Wednesday, December 31, 2014

Kerala Day 6


I moved houses today. It was a little inconvenient and I was really starting to be buddies with the family I was staying with, but there was a family that showed up that had somehow had a big miscommunication about their arrival and I had the bigger room—so I was booted. My new place is literally just across the street. The home stay I booked with takes up the top floors of a few different houses that are all right next to one another. It is like having your own mother in law quarters or basement apartment. It is all in the same place, but it has different entrances and you still have your own privacy. This new room is on the ground floor of one of the houses that has lodging upstairs. When I walked in I was thinking to myself "Wow, this place has a very homey feel to it." Well you know why it had a homey feel to it? Because it was literally someones home! My "roommates" are a middle aged married Catholic couple. My room is right behind the living room and their bedroom is kitty corner to mine-next to the kitchen. I didn't know any of this until I came home tonight and was officially welcomed to their home by the wife of the couple. I met the husband later, and they really are beautiful people--I'm just glad I found out sooner then later before I plopped myself down on their comfy looking couches to read a book or went into their kitchen to make myself a little something to eat. Maybe they did tell me I was going to be crashing in someones actual house and it was just lost in translation--either way, it was a little funny/awkward/shocking finding all this out.

After moving I caught a rickshaw over to the Kerala Folklore Museum. It was a little bit away, but I had heard it was a must see--and I am so glad I made the journey. Plus there was s Subway right by it so that alone could of made the trip worth it. Dad was and Nicole is super into antique/vintage type shops and artifacts, and while I have known I also have a love for them, I think I am only starting to understand how much I share their same obsession. Or maybe I am just a museum nerd--that's a real big possibility too. Either way, this place was awesome! I wanted to take pics of everything and while I did take quiet a few, but in the end I bought a book and DVD on the museum because there was just to many awesome things to capture it all. The building itself was made from parts of old structures; columns and pillars from this era, the roof of this particular room came from this famous place, etc. To me the coolest thing was seeing the vintage Kathakali costumes just because they are already so impressive now a days, but the older ones were just as detailed and decked out. That shows some serious dedication to that particular tradition. I also got a kick out of the some of the chest plates the men would wear to war. They had very pronounced breasts on them-like full on women's breast carved into them. Distraction method? Either way, I don't know if I could keep a straight face if I saw men militia going to war wearing a chest shield that made him look like a woman. :)
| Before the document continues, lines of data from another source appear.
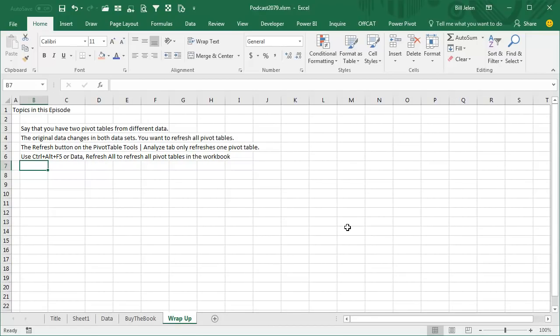A simple little episode today, you have multiple pivot tables coming from different data, the original data in both data sets changes, you want to refresh all pivot tables, while the Refresh button on the Pivot Table Tools Analyze tab only refreshes the current pivot table, you can use Ctrl-Alt-F5, or Data Refresh All, or the Analyze tab, open the Refresh dropdown and choose Refresh All to refresh all the pivot tables in the workbook.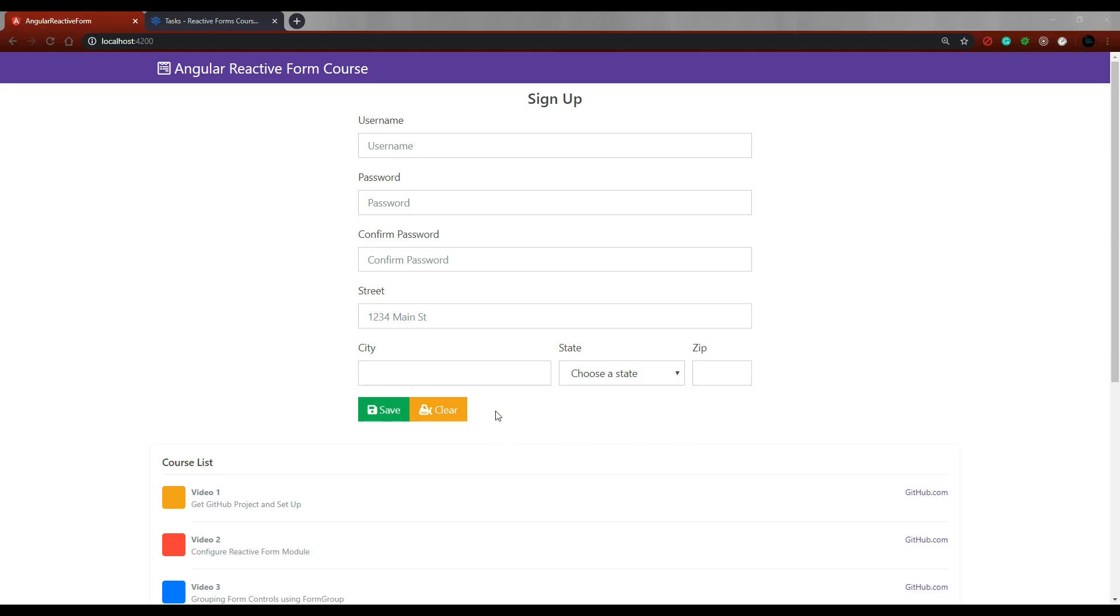In this video, we're going to be creating a new button that will auto-fill our address information. Let's say the user is shopping on your website and they purchase something. They already filled out all this information, and now they want to create a brand new account.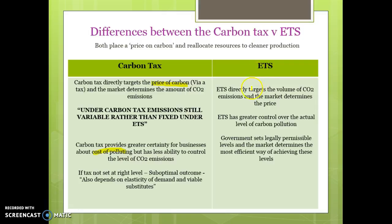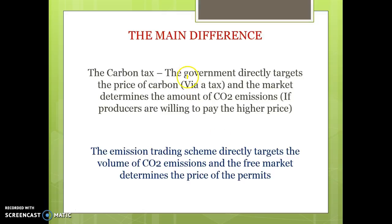Under the emissions trading scheme, the government sets the volume of emissions they want and then the market determines the price. In the carbon tax, the government sets the price and the market sets the level of emissions. The ETS gives greater control over the actual level of pollution because the government determines how many permits they sell, and therefore the level of carbon emissions. The government sets the legally permissible level and the market determines the most efficient way of achieving these levels. If businesses use more than their permits and don't buy them from other businesses, they face heavy fines, creating a strong disincentive to over-emit. So the key difference: with the carbon tax the government targets price and the market determines emissions; with the ETS the government sets the volume and the free market determines the price of permits.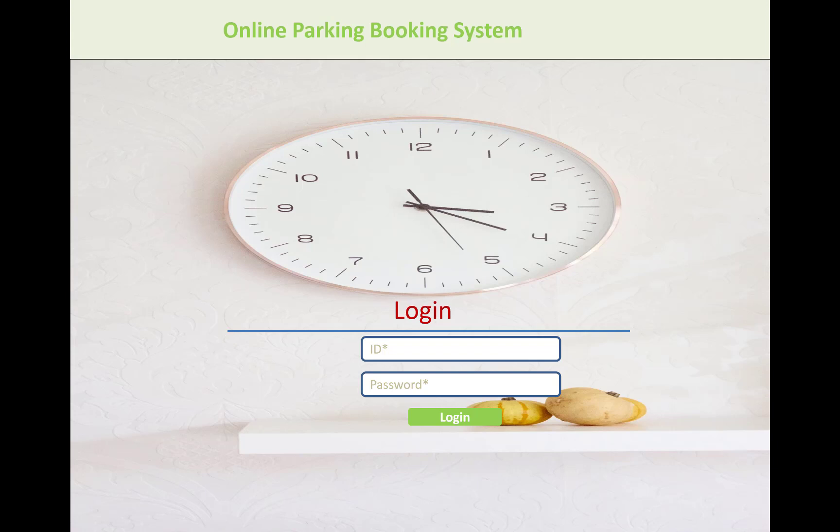Hello everyone, welcome to my channel ASP.NET Core. Today I'm going to show you an online parking booking system in ASP.NET Core. You can say that this is the prototype of the online parking booking system.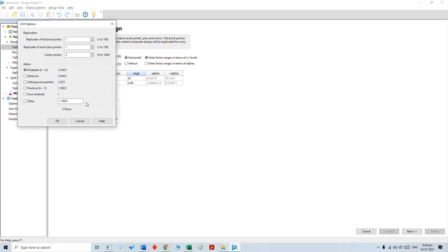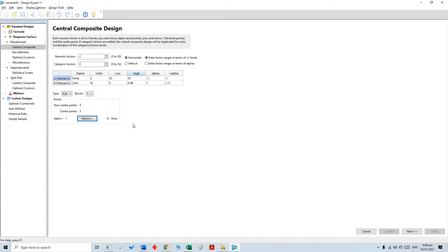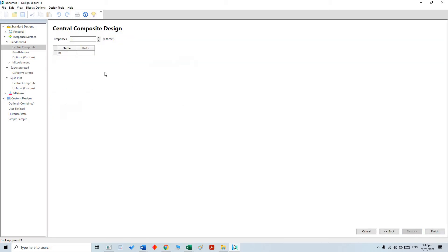Next, we are going to click on this option and select the face-centered option. Information and literature about central composite face-centered and response surface methodology is easily accessible and can be found easily. We are not going to go into very deep theoretical detail. Once our input parameters and ranges are inserted, the next step is to select the response. We have only one response here, but there could be multiple. Our response is viscosity.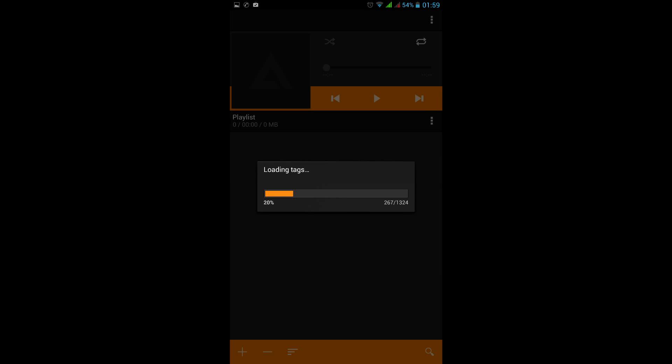I also recommend AIMP Player, which recently became available for Android. It completely ditches the Android system tracker and builds its own index.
I thought the puppets were creepily intriguing........






 And obviously I had a weird fixation with all the masks.


        
I decided to take the ferry back and it was a little bit eventful. I ended up having to take 2 ferries because the first one only took me to the port of another ferry that would then take me back to Fort Kochin. I was almost a stowaway on that ferry—but I ended up having to pay right before I got off. It really wasn’t purposeful in the beginning, but when I realized what was happening and had already got in trouble for taking a picture while in the ferry (which was apparently a no no even though there were tons of Indian men taking pictures on the ferry) I decided to try and make it happen. But in the end they came around checking tickets and collecting fees just before we docked so bummer, mission failed.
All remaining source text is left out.